# Slightly pigeon toed...should i be worried?



## HSQuarterHorses (Jun 19, 2012)

My new mare that i just got is slightly pigeon toed. It does not seem to affect her movement & i know that the family who had her before me trail rode her a lot. We ride on some pretty difficult terrain & im just wondering if i should be concerned with this? Will it cause her to more easily trip or injure herself? Are there extra precautions i should take? Like i said i dont think its really severe and she moves beautifully. She was used in cutting & has also done barrels and poles & its never affected her that im aware of. Just seeing if anyone has a horse that has the same thing & wanted to just talk to someone about it. I will try to get a picture up.

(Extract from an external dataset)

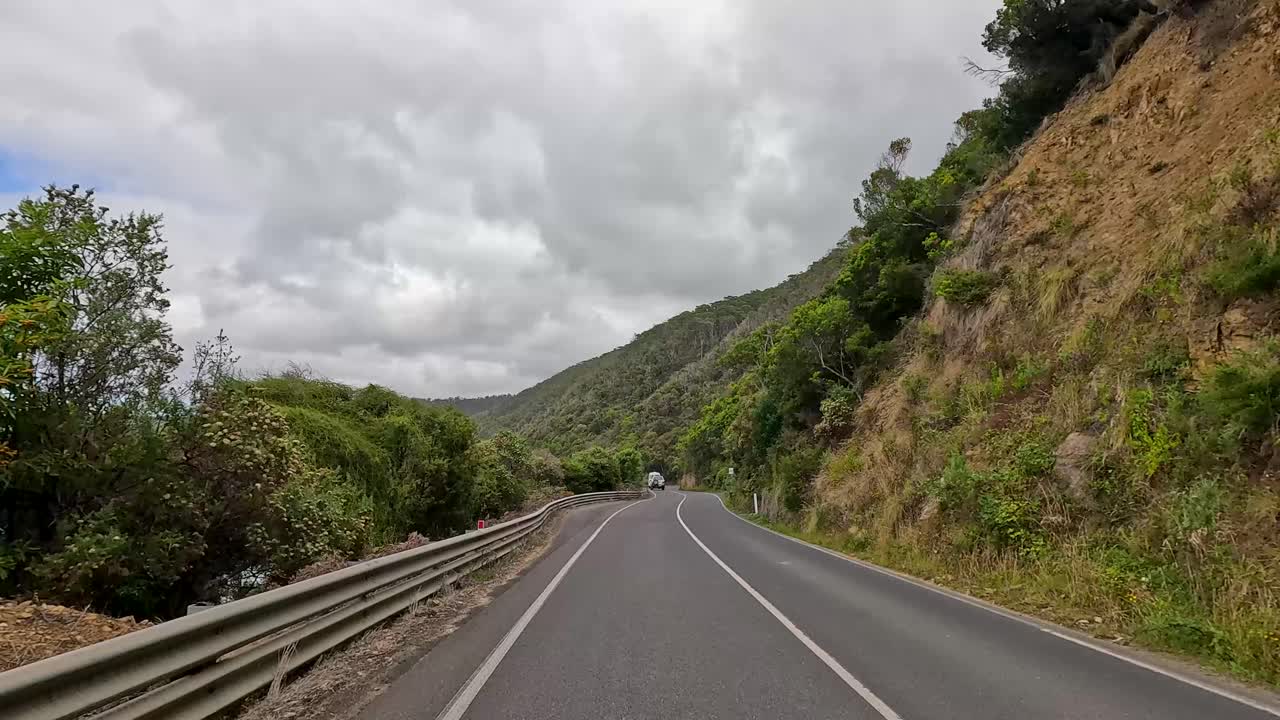 A 15-second video capturing a drive along the lush, winding Great Ocean Road under cloudy skies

Opinions please and thanks


----------



## HSQuarterHorses (Jun 19, 2012)




----------



## Skyseternalangel (Jul 23, 2011)

Edit: nevermind!

I think she should be okay. If she starts tripping then I'd stay to footing that isn't so uneven


----------



## WesternTale (Jun 14, 2012)

Well, when it comes to these types of questions.. It's usually based on the horse.

~ I don't know how you're horse walks.

~ I don't know you're horses fitness.

~ I don't know how you ride.

~ I don't know what type of terrain you ride on.

For these types of questions, It's anyones guess.


----------



## HSQuarterHorses (Jun 19, 2012)

She walks normally not to fast and clumsy. shes very laid back, her head drops & she relaxs & walks. She moves beautifully. She is extremly healthy just a bit fat lol Were working on it. She stays fat on nothing! The people we got her from needed hay out on there pasture it was bare but she was as fat as a tick. We ride on everything from easy dirt road terrain to very rough rigid rocky & cliffy terrain. It varries. I dont think she have a problem but i just wanted to see what everyone thought.


----------



## MHFoundation Quarters (Feb 23, 2011)

It's tough to say. It's hard to judge from that picture (looks like ground may be a bit uneven and the left hoof looks sunk into the sand) and would be easiest to guess from video of her moving. 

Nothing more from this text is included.